EXERCISE OBJECTIVE:
Every line in the listing is to be echoed verbatim.

PROVIDED MATERIAL:
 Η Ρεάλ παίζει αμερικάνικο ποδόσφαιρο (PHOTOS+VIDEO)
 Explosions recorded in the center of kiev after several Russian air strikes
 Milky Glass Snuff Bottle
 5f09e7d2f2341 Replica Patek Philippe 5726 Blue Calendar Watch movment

ANSWER TO THIS PROBLEM:
 Η Ρεάλ παίζει αμερικάνικο ποδόσφαιρο (PHOTOS+VIDEO)
 Explosions recorded in the center of kiev after several Russian air strikes
 Milky Glass Snuff Bottle
 5f09e7d2f2341 Replica Patek Philippe 5726 Blue Calendar Watch movment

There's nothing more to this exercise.